What’s it all for, this life? We are walking on a planet that is spinning through space. Some are worrying about things like what the next person is thinking about them. Some wondering when they will find true love with someone else. Some striving to make enough money, not knowing just how much enough is. Some working towards a goal, that will bring some sort of personal pleasure. Some living for others, and never considering living for themselves too. Some walking around dead inside, from circumstances they never choose to acknowledge and begin healing from. Humanity; so many scenarios. I think it’s safe to say that humans are a mess.
I sit on my back step in the morning, and watch the birds. The squirrels that walk the cables. The plants that grow so slowly. All perfect, in their own way. They never complain. They never worry. They just do their thing. The animals look for food, shelter and mates. They raise their offspring, and survive. The plants grow, and blow in the wind. Some bear fruit. Some don’t. Simplicity.

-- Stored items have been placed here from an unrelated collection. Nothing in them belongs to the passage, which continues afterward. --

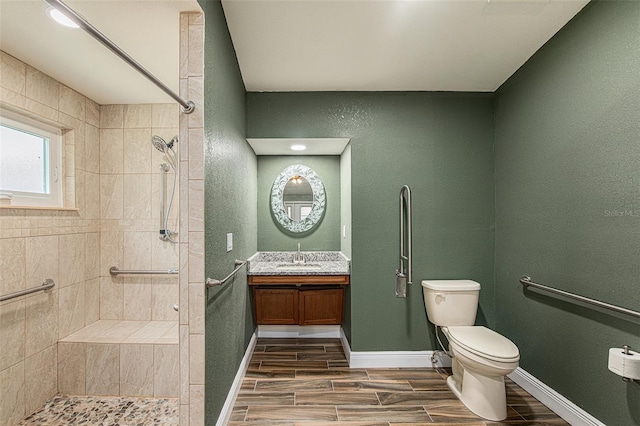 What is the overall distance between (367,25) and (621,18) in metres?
1.32

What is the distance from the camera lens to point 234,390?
80.1 inches

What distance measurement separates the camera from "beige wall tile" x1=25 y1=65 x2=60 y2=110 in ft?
6.43

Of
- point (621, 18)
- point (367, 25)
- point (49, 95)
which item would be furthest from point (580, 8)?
point (49, 95)

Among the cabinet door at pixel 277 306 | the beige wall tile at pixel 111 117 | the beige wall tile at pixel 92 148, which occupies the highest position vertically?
the beige wall tile at pixel 111 117

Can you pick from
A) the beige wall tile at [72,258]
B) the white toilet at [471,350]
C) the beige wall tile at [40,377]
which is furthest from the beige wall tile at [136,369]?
the white toilet at [471,350]

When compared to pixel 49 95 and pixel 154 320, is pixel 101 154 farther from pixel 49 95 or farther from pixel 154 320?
pixel 154 320

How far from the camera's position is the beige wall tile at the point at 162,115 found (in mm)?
2641

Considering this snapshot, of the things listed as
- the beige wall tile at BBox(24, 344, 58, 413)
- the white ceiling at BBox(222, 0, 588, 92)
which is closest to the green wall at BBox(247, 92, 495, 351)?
the white ceiling at BBox(222, 0, 588, 92)

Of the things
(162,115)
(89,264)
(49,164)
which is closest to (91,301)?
(89,264)

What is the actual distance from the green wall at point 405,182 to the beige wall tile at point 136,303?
1.72 m

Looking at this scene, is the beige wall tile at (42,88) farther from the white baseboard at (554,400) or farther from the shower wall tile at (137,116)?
the white baseboard at (554,400)

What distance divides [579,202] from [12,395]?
3647 millimetres

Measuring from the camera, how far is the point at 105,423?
6.19 ft

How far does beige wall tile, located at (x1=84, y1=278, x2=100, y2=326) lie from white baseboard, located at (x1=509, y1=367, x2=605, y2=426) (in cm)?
347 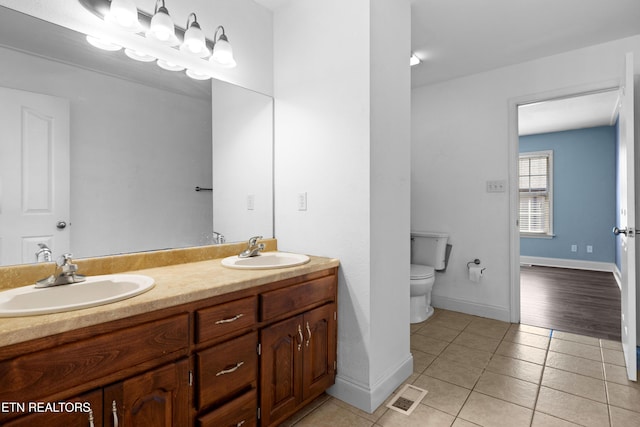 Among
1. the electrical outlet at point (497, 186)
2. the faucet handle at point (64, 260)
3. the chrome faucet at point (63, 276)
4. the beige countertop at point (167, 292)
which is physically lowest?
the beige countertop at point (167, 292)

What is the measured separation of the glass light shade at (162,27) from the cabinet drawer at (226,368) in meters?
1.38

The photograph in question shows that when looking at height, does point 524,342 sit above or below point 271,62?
below

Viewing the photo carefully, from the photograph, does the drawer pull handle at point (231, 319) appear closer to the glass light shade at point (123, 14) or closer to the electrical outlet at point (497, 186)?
the glass light shade at point (123, 14)

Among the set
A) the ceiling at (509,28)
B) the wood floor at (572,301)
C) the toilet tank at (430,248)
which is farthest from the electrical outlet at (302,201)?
the wood floor at (572,301)

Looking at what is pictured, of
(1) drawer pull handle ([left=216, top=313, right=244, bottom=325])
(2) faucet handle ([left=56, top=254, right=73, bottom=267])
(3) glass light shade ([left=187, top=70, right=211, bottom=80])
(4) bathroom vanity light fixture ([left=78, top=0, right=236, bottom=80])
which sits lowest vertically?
(1) drawer pull handle ([left=216, top=313, right=244, bottom=325])

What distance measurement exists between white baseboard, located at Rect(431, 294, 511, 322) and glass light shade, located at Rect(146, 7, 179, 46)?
3127 millimetres

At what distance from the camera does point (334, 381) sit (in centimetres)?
185

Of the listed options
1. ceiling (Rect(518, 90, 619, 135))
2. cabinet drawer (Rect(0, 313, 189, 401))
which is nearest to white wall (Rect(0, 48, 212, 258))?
cabinet drawer (Rect(0, 313, 189, 401))

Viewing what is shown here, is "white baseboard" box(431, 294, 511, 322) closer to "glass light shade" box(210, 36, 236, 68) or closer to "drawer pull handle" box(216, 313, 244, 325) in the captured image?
"drawer pull handle" box(216, 313, 244, 325)

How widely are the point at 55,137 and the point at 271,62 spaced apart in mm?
1281

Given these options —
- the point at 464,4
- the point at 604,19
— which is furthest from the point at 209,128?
the point at 604,19

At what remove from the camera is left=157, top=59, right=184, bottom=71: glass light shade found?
5.51 ft

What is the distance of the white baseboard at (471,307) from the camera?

But we, are far from simple. We are far too advanced, and our brains are so much more complex. It creates problems. It makes life difficult, instead of simple, like the rest of the living things on our planet. I sometimes wonder, “why us?” I have my belief in a Creator, that created me in His image. Yet, I also know that something keeps me from being like Him. Sin, I believe. Something made all of this perfect living beauty all around. Yet, something destroyed man. People have issues. They destroy the world, others, and themselves. They complicate the beauty. They push themselves in the wrong directions, kill themselves with substances, look for gratification in other people and things. So many emotions and thoughts, that complicate this beautiful life.

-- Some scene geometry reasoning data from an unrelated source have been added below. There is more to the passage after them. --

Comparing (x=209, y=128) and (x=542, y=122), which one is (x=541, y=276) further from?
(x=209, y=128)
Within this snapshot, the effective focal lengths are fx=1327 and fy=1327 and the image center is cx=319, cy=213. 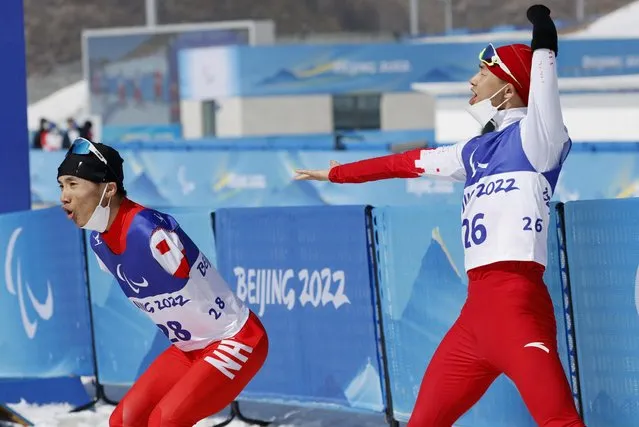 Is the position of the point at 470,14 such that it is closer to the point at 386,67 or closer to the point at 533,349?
the point at 386,67

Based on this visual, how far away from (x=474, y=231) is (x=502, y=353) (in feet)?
1.76

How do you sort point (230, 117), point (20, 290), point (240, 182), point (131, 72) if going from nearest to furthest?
point (20, 290) → point (240, 182) → point (230, 117) → point (131, 72)

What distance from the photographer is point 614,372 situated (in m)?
6.42

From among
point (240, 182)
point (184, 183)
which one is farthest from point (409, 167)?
point (184, 183)

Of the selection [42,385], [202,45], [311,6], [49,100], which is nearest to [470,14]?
[311,6]

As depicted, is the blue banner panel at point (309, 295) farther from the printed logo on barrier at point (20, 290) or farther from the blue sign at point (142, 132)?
the blue sign at point (142, 132)

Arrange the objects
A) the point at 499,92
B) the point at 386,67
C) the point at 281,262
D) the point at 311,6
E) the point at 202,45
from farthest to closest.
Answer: the point at 311,6, the point at 202,45, the point at 386,67, the point at 281,262, the point at 499,92

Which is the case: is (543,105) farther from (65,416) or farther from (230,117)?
(230,117)

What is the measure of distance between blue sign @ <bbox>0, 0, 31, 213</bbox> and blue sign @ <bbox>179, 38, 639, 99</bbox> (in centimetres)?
3194

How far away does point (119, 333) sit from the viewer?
8.64m

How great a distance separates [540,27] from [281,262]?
289 centimetres

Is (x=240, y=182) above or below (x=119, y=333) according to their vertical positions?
above

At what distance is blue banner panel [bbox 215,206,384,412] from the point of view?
7.57 m

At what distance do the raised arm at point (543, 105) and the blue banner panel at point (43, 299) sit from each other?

Being a human is hard. You have choices to make. Some are harmful. Some are beneficial. Some bring peace. Some bring strife. Lately, I am choosing to simplify this complicated human life, by choosing things that bring peace and joy. Love is the main emotion I choose to walk in. Simplicity is what my goal is. I’ve grown very tired of the negative things I’ve mentioned here, and I’ve absolutely worn myself out trying to figure out “why”. I have destroyed myself, others, the world, and played with lots of things that destroy, and complicate my human life for too long. I strive for simplicity, and beauty. Some days it’s hard, or even impossible, but I’m a good fighter. A good observer of myself and others. Experiencing pain and difficulty conditioned me to become this way.
Simplicity. We all need more of it. Maybe if we learned how to embrace it, we could be at peace with the one that created it? I think Jesus knew how, so I follow Him. I have faith in Him, because the more I read His words, the more peaceful I become. He is, above all, the most useful source of maintaining what I want; peace. Peace, like the rest of the living things.